To this point, it doesn’t take very long to see the traces of other popular shōnen in Jujutsu Kaisen. The main trio alone bears a resemblance – at least aesthetically – to Naruto, Sasuke, and Sakura. Even Gojo’s design looks as if Kakashi was put through a Hunter x Hunter filter. Meanwhile, the modern setting and the occult secret society working behind the scenes of this seemingly ordinary world evoke Bleach or YuYu Hakusho.

Frankly, this is nothing compared to the anime/manga references offered by the characters themselves, which are only a fraction of the references to film and media in general across the series. But the love shown for anime, in particular, contributes to the idea of Jujutsu Kaisen as a shōnen for people who grew up on shōnen.


In their interview with Tite Kubo, Akutami themselves described the three stories that inspired them to become a mangaka: Bleach, Hunter x Hunter, and perhaps most interesting, Evangelion.

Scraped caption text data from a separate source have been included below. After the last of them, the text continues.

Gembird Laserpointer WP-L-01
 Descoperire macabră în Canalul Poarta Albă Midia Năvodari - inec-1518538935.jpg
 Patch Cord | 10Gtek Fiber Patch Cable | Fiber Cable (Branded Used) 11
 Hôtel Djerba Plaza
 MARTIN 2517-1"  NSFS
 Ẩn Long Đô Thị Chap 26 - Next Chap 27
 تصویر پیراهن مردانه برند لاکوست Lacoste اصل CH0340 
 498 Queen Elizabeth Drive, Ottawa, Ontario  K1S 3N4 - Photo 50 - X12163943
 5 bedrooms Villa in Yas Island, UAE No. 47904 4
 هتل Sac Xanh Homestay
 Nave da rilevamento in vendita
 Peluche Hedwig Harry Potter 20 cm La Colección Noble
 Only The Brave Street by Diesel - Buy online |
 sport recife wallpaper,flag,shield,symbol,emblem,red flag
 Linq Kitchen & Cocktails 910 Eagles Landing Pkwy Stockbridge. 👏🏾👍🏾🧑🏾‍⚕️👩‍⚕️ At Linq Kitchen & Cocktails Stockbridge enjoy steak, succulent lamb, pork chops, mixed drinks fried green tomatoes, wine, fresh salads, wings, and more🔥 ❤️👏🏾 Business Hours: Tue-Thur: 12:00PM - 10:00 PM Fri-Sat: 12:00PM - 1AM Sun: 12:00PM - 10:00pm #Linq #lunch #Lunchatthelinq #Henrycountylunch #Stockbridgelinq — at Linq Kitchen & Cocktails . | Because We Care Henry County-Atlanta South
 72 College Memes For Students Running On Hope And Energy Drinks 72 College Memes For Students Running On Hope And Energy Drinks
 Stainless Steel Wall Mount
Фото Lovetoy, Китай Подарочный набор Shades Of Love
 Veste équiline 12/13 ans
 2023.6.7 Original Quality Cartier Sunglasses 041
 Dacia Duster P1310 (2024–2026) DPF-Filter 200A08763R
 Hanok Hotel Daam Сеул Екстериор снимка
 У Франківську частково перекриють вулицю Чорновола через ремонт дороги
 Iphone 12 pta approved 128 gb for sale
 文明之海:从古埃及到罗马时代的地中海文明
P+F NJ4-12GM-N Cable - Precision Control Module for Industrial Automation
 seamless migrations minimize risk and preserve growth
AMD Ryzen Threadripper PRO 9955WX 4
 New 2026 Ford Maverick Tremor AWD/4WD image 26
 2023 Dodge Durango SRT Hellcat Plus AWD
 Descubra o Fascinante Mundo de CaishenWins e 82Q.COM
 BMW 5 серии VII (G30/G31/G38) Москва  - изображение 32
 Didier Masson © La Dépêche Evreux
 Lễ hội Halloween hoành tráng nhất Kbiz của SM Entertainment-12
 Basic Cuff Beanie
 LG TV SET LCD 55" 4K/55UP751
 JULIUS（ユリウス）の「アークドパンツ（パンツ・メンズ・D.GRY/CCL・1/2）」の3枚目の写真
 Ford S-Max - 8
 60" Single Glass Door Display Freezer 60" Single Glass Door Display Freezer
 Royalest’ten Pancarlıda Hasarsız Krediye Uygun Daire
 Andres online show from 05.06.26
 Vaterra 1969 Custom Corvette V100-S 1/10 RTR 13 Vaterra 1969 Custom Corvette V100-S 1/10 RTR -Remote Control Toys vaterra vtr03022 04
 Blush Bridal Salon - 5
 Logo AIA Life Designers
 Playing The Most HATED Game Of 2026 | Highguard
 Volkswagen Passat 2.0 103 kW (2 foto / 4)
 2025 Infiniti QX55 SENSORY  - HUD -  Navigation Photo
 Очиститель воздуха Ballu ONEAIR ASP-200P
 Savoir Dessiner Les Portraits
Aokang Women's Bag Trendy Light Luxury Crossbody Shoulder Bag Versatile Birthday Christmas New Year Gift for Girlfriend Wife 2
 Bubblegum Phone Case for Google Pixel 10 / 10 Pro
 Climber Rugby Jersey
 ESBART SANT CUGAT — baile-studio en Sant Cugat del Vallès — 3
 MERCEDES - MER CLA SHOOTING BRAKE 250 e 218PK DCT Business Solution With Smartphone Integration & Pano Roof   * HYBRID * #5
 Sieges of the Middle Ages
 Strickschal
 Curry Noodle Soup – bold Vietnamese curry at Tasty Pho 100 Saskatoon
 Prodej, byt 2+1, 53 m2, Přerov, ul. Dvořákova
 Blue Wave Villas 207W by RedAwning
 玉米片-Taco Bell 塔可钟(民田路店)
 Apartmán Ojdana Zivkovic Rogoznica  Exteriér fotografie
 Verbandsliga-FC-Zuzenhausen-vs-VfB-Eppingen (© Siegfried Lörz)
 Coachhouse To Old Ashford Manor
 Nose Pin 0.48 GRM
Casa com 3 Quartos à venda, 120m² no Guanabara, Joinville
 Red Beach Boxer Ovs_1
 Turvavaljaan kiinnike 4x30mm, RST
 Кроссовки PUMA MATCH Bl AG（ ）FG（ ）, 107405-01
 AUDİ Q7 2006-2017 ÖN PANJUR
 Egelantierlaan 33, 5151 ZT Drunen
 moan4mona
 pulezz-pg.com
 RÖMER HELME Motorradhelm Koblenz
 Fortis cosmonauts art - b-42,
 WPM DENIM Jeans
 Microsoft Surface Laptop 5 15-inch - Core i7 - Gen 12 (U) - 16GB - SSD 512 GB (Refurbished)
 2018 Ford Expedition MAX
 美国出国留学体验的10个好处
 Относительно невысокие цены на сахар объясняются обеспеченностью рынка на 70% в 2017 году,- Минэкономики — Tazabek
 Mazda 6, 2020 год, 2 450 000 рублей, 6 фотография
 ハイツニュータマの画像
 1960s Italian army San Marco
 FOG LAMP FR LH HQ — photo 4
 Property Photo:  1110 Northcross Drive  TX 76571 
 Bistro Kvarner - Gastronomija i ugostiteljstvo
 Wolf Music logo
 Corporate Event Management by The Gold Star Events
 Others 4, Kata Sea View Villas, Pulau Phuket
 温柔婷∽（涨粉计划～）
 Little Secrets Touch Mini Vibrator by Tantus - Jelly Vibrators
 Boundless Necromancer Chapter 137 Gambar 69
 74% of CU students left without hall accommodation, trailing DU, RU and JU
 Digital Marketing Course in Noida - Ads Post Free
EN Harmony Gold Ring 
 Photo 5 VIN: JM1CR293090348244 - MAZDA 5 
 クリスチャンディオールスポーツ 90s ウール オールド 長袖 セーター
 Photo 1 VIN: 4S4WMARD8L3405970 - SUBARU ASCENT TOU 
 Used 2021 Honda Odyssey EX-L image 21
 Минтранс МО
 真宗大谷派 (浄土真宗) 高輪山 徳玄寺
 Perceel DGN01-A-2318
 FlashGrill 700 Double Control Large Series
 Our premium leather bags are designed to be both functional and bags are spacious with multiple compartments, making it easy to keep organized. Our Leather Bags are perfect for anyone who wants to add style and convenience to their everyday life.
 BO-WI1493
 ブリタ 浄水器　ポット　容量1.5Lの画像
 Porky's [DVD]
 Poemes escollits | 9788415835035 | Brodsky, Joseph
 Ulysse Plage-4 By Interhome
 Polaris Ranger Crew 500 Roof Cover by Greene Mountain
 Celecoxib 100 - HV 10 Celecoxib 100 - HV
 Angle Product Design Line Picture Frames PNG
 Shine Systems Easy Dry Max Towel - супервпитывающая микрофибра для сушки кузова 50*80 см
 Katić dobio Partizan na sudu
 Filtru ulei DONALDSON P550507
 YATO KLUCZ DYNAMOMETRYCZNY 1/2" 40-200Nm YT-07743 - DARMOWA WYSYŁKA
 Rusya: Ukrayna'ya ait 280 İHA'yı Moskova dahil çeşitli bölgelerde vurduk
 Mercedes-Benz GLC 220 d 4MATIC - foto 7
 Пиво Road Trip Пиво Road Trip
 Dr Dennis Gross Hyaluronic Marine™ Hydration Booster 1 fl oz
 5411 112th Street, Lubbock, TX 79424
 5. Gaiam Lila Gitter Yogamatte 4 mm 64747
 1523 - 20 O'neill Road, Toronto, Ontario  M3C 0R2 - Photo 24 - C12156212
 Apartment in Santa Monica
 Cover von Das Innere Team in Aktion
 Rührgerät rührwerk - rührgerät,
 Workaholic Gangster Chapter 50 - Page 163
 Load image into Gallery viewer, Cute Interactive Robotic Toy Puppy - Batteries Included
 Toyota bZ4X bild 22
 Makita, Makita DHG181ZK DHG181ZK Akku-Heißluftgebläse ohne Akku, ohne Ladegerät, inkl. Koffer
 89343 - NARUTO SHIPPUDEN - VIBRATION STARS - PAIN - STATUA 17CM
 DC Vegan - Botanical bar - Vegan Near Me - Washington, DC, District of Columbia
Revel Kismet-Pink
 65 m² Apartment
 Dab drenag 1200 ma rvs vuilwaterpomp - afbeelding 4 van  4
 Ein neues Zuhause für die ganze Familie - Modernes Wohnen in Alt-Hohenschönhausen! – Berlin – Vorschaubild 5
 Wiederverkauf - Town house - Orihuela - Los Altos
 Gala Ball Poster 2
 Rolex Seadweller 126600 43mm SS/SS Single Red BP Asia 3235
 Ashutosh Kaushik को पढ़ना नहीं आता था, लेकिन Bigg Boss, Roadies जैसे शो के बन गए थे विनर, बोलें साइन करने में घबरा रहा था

Understanding this, one can see traces of all three in the characters, the power system/scaling, and the mythology behind Jujutsu Kaisen.

This interview is as endearing as it is informative because it not only reveals how authors like Kubo influenced Akutami, but how both of them were inspired by Yoshihiro Togashi. Togashi, who wrote both YuYu Hakusho and Hunter x Hunter, was a big factor in both mangaka’s work, leading to a humorous exchange when Akutami and Kubo had met some years prior.

Back then you told me, “I started a new manga that’s inspired by Bleach,” and I replied, “Don’t you mean ‘by Mr. Togashi’?” [laughs]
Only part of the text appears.